● The problem: Exactly the lines from the one containing "Heys America Unisex" through the one containing "Indian Vintage Sari" in the listing below are to be copied, with the pictures left out.

Material supplied: Begin

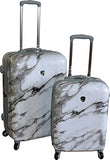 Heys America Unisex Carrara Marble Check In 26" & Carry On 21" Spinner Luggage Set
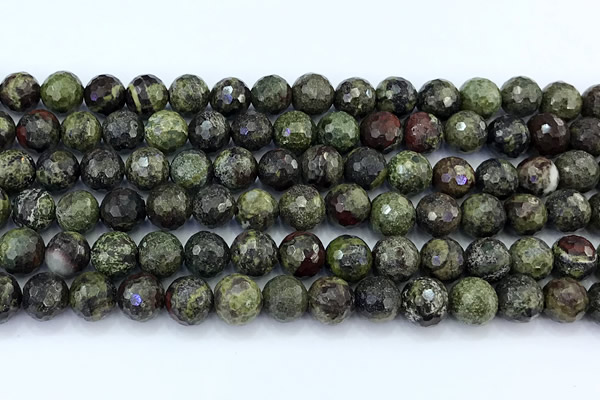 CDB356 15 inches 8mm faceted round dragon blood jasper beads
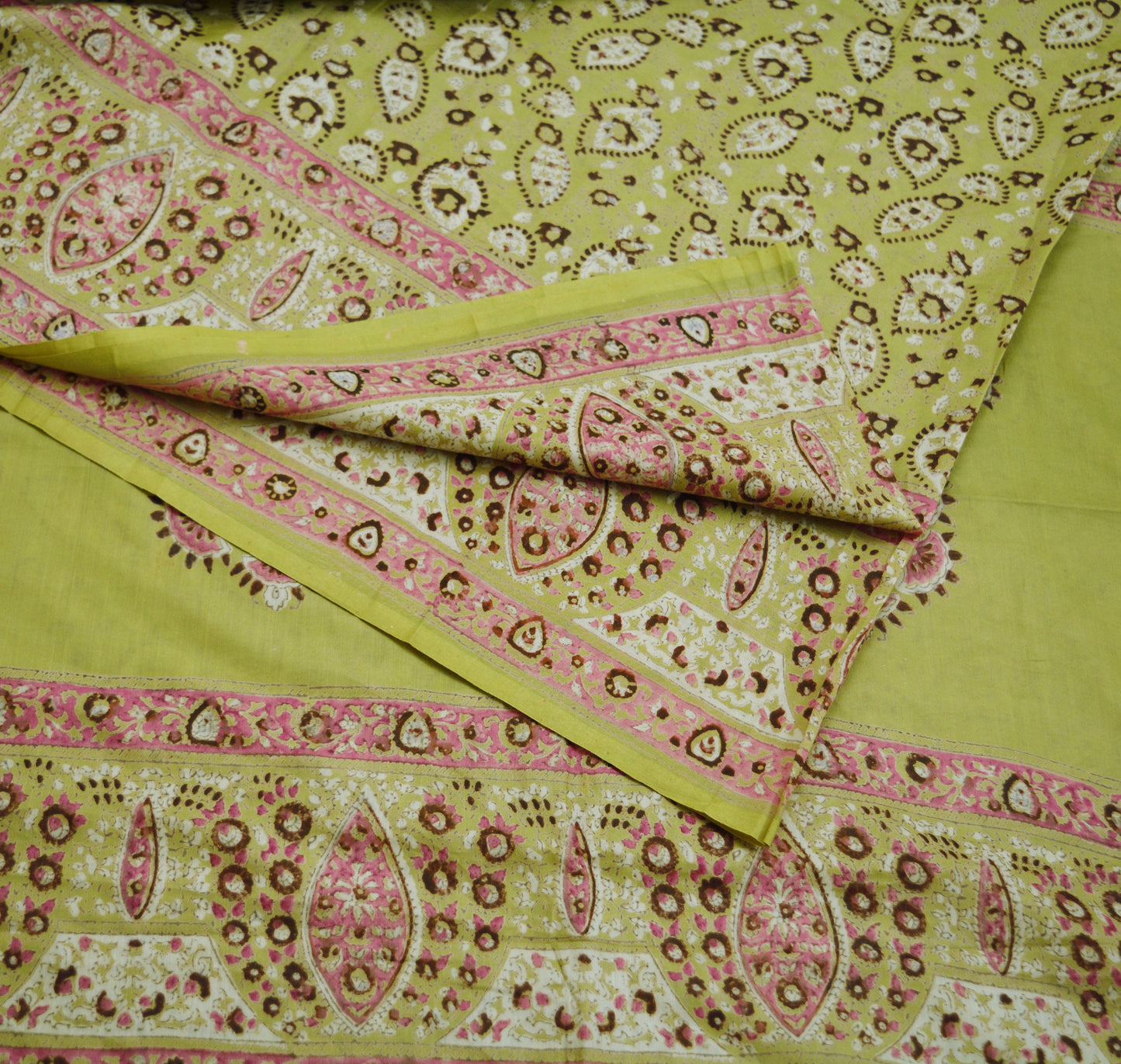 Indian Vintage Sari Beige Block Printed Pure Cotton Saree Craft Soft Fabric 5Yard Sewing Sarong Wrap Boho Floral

Material supplied: End
Material supplied: Begin

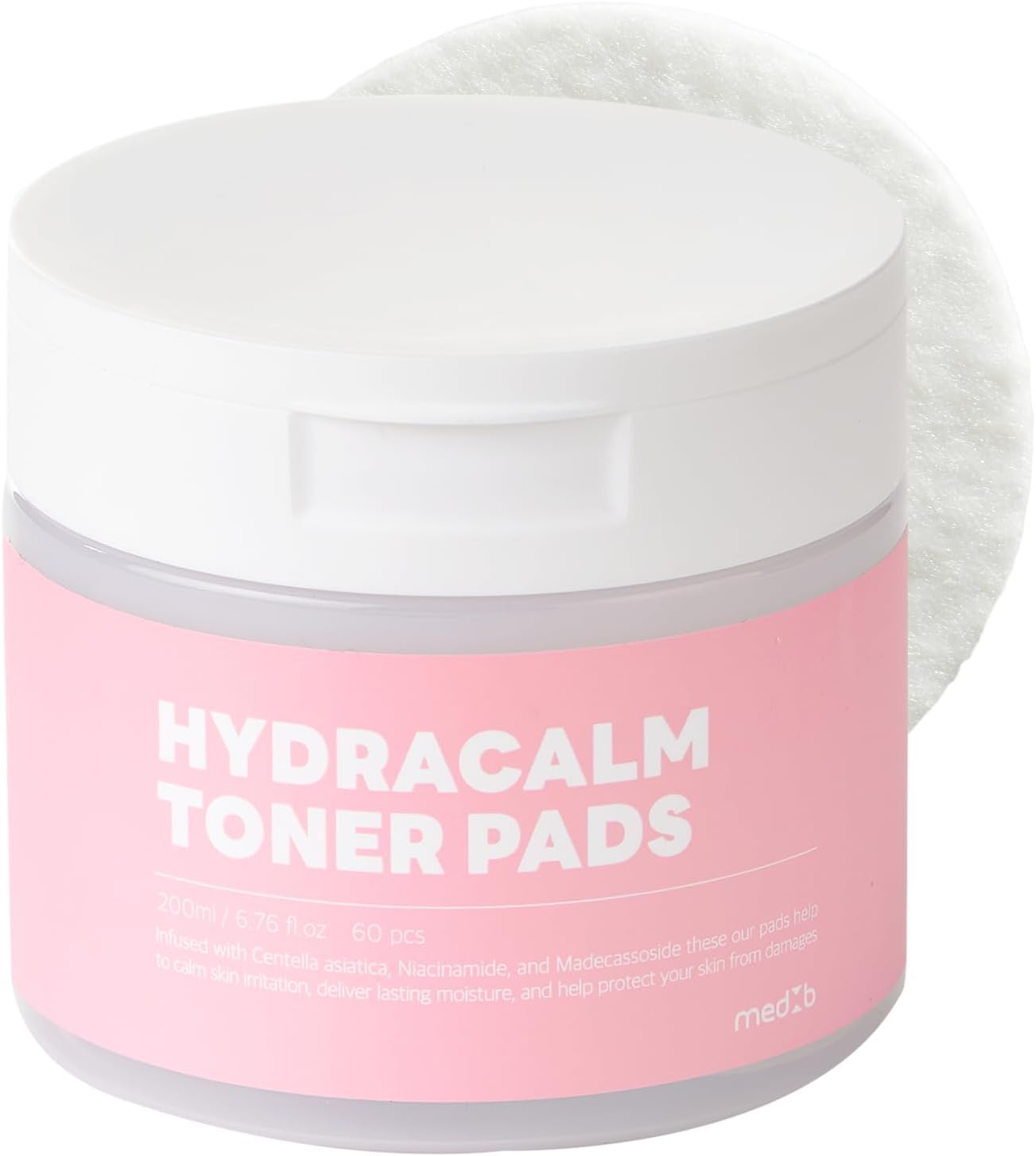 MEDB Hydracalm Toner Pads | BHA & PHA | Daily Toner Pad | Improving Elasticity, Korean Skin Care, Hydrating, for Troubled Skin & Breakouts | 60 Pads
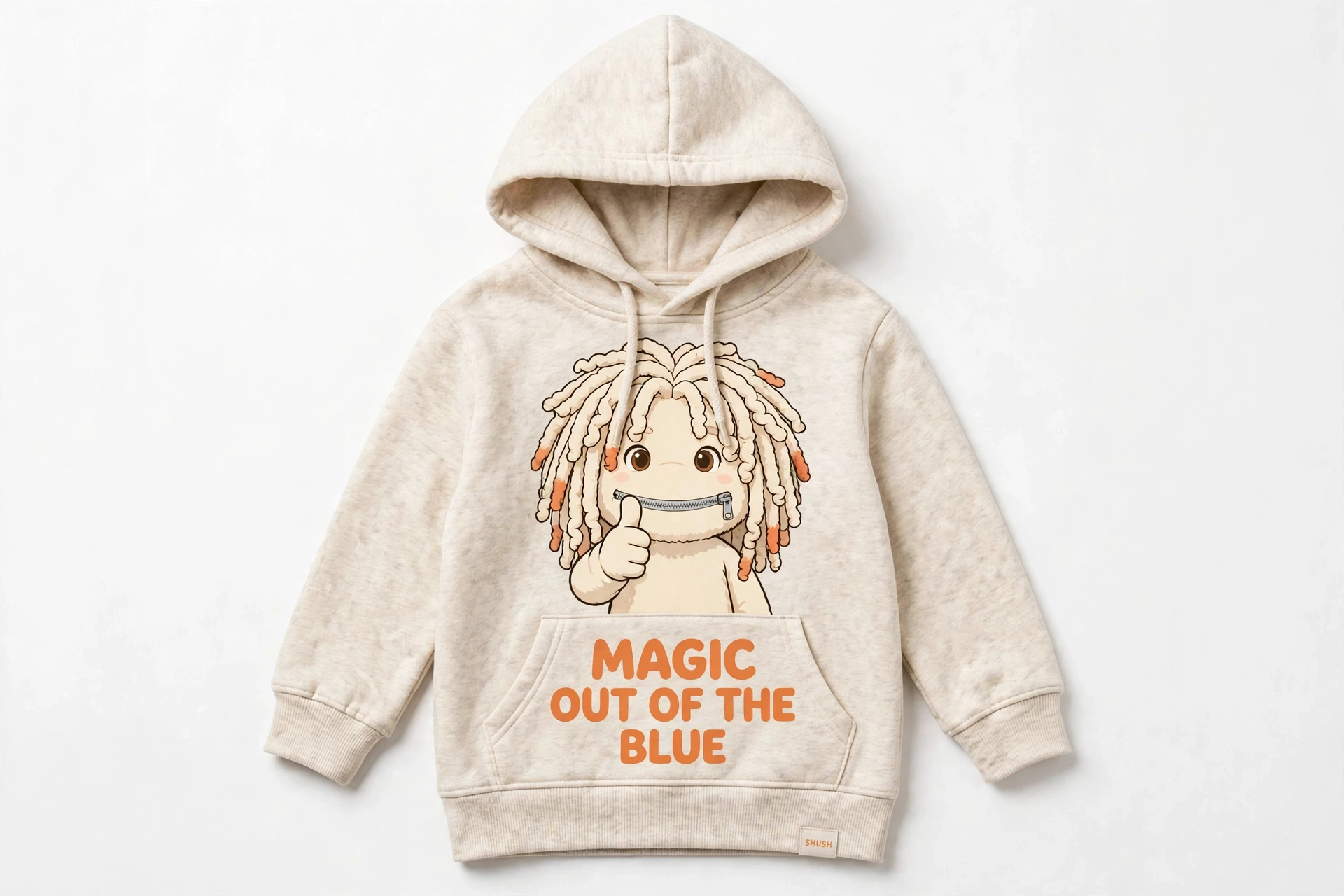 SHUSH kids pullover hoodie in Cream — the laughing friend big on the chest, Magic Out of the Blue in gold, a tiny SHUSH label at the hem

Material supplied: End

● Output for this exercise:
 Heys America Unisex Carrara Marble Check In 26" & Carry On 21" Spinner Luggage Set
 CDB356 15 inches 8mm faceted round dragon blood jasper beads
 Indian Vintage Sari Beige Block Printed Pure Cotton Saree Craft Soft Fabric 5Yard Sewing Sarong Wrap Boho Floral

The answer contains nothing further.